EXERCISE GOAL:
Restate only the tail of the data below, starting at the line that contains "White gold Marquise" and including the last line, word for word.

☆ ☆ ☆ ☆ ☆

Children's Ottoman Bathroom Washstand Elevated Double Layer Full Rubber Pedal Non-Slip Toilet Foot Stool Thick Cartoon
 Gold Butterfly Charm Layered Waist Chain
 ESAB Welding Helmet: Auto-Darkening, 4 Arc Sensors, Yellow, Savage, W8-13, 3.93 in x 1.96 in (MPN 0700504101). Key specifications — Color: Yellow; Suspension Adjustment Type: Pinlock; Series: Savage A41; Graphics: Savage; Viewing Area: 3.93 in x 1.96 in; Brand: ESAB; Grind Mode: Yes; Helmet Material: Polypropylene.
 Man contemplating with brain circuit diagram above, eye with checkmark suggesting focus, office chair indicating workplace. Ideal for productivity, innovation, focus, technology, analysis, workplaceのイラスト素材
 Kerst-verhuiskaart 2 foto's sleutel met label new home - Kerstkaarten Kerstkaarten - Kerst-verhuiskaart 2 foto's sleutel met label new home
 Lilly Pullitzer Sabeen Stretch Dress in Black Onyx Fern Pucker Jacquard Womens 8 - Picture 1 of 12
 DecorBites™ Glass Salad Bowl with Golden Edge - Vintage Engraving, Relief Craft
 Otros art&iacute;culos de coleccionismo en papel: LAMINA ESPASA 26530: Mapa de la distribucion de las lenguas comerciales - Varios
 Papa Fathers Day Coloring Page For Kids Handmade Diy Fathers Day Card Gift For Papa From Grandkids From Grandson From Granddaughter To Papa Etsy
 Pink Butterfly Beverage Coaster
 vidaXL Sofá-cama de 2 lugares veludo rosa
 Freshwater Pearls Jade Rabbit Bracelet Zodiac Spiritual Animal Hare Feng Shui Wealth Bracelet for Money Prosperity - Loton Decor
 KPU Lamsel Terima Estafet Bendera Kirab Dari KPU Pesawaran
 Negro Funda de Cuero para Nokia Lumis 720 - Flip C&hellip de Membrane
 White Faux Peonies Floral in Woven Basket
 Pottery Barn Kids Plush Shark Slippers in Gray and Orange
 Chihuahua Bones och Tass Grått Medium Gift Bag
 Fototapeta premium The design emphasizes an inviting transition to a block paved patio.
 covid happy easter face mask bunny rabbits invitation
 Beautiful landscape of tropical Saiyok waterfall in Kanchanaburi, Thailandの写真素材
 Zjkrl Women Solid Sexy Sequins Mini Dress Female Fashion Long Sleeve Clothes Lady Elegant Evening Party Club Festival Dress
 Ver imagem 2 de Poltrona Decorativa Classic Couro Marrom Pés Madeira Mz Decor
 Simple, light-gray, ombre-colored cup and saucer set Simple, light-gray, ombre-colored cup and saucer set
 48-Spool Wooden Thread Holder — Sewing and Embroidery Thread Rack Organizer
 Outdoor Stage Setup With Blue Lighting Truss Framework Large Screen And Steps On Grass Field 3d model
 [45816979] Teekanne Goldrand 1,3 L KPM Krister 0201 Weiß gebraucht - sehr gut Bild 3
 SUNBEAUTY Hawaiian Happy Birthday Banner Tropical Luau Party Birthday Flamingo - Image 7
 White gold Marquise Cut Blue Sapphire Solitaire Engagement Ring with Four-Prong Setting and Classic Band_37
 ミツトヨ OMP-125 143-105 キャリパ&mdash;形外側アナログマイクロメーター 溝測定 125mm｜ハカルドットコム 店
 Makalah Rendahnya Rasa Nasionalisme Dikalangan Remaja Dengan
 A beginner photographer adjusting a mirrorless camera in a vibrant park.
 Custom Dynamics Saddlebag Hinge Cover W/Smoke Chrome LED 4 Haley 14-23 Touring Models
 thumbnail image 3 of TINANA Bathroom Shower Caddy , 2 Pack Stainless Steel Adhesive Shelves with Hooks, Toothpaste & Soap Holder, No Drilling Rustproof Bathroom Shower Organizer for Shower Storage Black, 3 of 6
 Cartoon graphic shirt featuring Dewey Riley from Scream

☆ ☆ ☆ ☆ ☆

THE COMPLETED TASK:
 White gold Marquise Cut Blue Sapphire Solitaire Engagement Ring with Four-Prong Setting and Classic Band_37
 ミツトヨ OMP-125 143-105 キャリパ&mdash;形外側アナログマイクロメーター 溝測定 125mm｜ハカルドットコム 店
 Makalah Rendahnya Rasa Nasionalisme Dikalangan Remaja Dengan
 A beginner photographer adjusting a mirrorless camera in a vibrant park.
 Custom Dynamics Saddlebag Hinge Cover W/Smoke Chrome LED 4 Haley 14-23 Touring Models
 thumbnail image 3 of TINANA Bathroom Shower Caddy , 2 Pack Stainless Steel Adhesive Shelves with Hooks, Toothpaste & Soap Holder, No Drilling Rustproof Bathroom Shower Organizer for Shower Storage Black, 3 of 6
 Cartoon graphic shirt featuring Dewey Riley from Scream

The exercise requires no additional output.